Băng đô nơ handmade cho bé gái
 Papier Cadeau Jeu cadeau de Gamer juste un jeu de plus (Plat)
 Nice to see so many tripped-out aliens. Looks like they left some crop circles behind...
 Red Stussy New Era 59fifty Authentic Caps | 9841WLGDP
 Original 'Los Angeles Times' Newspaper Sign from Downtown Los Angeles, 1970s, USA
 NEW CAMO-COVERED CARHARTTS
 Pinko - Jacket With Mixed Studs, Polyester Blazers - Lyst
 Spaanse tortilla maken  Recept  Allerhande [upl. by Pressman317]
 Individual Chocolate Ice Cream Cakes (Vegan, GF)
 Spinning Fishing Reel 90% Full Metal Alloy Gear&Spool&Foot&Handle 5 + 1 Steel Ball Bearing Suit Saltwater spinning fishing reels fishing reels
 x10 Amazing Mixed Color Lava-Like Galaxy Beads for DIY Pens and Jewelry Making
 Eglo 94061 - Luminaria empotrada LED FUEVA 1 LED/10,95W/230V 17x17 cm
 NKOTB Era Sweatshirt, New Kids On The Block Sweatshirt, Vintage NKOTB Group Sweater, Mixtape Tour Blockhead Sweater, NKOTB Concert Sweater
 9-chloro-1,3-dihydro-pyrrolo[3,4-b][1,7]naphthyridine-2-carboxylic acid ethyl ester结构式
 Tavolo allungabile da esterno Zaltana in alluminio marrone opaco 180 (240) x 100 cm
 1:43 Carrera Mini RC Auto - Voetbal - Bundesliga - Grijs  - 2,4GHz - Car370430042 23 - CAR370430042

● ● ● ●

* _Your task_
Using the data above, tally the lines that contain the string "Mixed" and state only the result.

* _Solved exercise_
2